Last week we talked about things that will help you hone your craft and write more often. But the life of a Creative Writer is also filled with reading. If you are studying in college, most of the required books will be classics.
There are two types of classics: the type you read for class, and the type you read to show off and sound smart. Yes I’m talking to you, person who claims to enjoy reading To the Lighthouse. Now sure, I love a Keatsian sonnet as much as the next fellow, but I’ve got to be honest; Faulkner, Joyce, Eliot, and Austen put me to sleep faster than a high-councilman’s Sunday sermon. Unfortunately, you probably need to get used to reading this stuff if you want to be an English major. Don’t get me wrong, it’s important to be educated, and reading the classics can help your writing, but don’t forget to read what’s hot in your genre as well. Do yourself a favor and pick up the latest bestseller every once in a while. It will keep you up to date, and give you something to read that you can actually enjoy before SparkNotes-ing it.
#6 Don’t get discouraged.
Perhaps you’ve been reading Middlemarch or Ulysses and think to yourself: “Wow, how can I ever write something like that?!” (In my opinion, why would you ever want to write something like that? Please, do us all a favor). Regardless, I understand the weight and pressure of literature. We have been taught early on that there is a distinction between the cannon and the common. Who are we to even try to compete? Well frankly, yeah you’re right. Our first books will probably be worth less than the worthless paper they are printed on, but never underestimate the power of practice! All of these famous authors from Whitman to Rowling and Shakespeare to Shelley had to start somewhere. And so do we. Don’t view crumpled balls of paper as failures, but as foundational practices of budding creativity.

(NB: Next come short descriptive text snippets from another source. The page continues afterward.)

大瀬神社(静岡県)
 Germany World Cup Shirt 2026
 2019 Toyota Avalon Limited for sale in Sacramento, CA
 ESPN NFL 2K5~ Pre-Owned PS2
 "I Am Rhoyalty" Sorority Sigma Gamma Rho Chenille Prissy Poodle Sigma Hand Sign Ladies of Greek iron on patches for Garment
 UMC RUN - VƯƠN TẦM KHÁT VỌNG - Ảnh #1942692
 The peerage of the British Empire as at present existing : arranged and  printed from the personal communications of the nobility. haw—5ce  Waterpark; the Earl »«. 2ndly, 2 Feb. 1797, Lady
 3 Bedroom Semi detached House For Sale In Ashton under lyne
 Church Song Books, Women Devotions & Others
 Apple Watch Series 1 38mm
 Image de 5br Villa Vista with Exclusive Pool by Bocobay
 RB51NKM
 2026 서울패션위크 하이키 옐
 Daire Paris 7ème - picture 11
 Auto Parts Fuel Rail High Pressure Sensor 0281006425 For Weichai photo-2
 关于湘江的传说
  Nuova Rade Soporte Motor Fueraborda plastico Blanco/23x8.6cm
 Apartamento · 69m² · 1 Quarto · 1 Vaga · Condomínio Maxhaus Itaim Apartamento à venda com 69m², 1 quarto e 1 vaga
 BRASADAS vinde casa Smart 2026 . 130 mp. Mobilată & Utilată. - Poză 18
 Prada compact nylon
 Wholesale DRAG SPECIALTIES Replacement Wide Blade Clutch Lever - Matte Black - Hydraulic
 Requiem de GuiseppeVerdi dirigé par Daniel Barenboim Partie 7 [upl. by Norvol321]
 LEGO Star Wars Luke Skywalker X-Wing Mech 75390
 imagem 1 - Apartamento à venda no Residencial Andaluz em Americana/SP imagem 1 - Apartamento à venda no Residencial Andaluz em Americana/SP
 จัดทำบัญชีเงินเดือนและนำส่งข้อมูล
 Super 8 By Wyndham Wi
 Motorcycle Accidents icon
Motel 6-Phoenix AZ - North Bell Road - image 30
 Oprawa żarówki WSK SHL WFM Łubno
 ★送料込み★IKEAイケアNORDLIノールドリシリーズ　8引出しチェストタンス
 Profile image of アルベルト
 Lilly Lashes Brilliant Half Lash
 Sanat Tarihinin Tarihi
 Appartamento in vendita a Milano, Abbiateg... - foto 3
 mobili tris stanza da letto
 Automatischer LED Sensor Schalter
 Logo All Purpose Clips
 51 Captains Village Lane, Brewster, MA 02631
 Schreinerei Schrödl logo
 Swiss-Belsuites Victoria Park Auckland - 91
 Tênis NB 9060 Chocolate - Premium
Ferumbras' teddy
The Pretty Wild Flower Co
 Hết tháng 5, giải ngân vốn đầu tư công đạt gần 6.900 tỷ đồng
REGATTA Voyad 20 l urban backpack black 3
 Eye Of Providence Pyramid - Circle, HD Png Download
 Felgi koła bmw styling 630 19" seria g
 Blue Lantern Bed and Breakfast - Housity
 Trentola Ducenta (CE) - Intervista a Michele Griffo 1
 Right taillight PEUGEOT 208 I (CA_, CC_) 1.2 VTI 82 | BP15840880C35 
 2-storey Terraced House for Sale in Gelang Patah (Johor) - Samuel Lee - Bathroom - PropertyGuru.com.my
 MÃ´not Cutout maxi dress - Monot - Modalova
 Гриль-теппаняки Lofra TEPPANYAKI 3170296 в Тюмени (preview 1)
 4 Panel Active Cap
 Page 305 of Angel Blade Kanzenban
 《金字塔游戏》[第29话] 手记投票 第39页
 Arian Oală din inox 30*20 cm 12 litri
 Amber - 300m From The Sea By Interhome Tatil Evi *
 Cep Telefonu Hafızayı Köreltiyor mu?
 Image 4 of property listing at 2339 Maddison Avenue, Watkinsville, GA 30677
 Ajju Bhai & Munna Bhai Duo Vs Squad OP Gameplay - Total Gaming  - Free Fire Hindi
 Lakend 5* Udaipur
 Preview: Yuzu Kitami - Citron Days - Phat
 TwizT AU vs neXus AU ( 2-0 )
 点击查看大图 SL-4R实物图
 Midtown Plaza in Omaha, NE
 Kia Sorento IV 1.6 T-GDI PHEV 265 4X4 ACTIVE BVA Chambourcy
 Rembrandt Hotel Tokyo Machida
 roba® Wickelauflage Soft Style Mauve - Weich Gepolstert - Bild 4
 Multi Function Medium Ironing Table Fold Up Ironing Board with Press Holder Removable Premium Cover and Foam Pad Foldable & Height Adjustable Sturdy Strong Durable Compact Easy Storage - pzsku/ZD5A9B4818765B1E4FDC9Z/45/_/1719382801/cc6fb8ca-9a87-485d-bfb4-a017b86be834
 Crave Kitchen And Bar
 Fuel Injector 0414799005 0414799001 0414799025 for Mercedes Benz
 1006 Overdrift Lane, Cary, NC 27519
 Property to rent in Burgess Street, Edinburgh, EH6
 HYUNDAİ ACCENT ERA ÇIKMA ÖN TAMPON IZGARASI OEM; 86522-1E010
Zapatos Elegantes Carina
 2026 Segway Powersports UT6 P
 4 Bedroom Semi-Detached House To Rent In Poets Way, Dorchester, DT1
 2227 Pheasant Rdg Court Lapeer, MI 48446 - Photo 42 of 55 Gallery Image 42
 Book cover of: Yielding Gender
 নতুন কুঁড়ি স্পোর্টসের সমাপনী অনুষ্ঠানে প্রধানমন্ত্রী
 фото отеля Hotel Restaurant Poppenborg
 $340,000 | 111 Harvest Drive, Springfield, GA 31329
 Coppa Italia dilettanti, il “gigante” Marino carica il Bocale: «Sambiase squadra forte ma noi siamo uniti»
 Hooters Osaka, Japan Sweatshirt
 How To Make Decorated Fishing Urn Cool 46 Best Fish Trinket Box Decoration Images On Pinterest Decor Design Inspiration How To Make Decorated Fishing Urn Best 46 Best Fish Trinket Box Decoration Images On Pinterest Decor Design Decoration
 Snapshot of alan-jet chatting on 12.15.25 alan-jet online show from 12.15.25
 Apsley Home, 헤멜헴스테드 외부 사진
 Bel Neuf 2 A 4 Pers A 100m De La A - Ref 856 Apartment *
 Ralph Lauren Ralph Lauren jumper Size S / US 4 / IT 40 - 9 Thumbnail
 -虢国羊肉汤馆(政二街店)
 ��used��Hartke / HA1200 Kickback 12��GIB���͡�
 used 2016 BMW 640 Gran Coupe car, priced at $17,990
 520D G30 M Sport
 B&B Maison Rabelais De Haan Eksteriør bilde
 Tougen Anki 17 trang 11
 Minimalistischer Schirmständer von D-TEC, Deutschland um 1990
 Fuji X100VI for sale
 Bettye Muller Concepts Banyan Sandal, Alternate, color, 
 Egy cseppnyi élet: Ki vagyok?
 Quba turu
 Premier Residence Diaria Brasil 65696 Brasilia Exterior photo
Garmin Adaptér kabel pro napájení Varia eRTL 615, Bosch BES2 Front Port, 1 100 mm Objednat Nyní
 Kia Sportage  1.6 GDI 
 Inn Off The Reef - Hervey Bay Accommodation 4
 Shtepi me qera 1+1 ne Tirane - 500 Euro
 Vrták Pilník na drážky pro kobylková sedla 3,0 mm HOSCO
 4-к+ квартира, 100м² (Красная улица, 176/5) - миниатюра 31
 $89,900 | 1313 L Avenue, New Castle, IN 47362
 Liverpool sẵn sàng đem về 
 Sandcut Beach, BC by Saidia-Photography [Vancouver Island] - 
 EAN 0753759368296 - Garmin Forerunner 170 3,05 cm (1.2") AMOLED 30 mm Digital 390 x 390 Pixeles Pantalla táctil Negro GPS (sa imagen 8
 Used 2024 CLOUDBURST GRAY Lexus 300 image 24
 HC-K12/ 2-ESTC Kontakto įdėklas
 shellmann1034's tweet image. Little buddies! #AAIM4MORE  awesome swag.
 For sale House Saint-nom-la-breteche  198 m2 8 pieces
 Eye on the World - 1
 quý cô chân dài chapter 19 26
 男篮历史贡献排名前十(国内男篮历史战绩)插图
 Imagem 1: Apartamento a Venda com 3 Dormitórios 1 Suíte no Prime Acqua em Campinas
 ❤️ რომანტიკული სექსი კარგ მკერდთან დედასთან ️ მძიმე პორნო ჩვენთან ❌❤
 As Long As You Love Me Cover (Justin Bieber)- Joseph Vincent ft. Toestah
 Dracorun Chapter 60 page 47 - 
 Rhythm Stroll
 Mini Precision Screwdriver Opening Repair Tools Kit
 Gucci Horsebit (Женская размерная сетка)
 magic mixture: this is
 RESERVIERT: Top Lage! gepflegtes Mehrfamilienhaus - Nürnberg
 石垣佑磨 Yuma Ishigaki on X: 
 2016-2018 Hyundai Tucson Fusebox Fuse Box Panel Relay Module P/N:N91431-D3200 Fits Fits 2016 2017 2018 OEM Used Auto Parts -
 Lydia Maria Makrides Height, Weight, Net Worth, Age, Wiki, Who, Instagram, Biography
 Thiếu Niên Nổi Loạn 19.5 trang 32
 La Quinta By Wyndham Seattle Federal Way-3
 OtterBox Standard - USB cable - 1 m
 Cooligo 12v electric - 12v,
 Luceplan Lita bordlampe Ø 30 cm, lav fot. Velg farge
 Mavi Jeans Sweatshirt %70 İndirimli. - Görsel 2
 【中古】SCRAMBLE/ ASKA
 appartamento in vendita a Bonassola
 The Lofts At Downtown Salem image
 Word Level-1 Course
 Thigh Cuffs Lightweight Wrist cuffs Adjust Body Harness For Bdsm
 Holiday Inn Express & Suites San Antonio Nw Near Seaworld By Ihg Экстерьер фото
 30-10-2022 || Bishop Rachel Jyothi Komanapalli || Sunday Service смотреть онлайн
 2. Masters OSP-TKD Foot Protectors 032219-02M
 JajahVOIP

#7 Do things that will help you get a job.
Recently Forbes listed Creative Writing as one of the top 17 most unemployed majors. Don’t panic, don’t panic… and get used to eating Top-Ramen. Anyway, that is why it’s critical to start networking now. Try to apply for an internship that has a media or editing position open, ideally at a publishing company or such. You could also try to get a part time job with a news group or online magazines. Even though some of these you might have to work without pay, just remember a little proactivity and networking now can mean the difference between having a job or not when you graduate. Also, don’t end your ambitions with the local opportunities, there are also study-abroads and internships overseas that you could apply for. The Wordsworth Trust is one example.
#8 Remember, you have an amazing major.
As Percy Bysshe Shelley once penned: “poets are the unacknowledged legislators of the world.” How cool is that. From film to fantasy and science fiction, writing and writers aren’t going anywhere. Sure it might be more difficult now than ever, but there are also more opportunities than ever. When you start to lose sight of that vision, pick up one of your favorite books and imagine what would happen if that author had given up before he finished. Yes, the road we are called to walk is filled with unseen abysses, dead ends, and drop-offs, but as Thomas Paine wrote: “the harder the conflict, the more glorious the triumph.” Keep writing friends and the world will eventually sing with the words you wrote.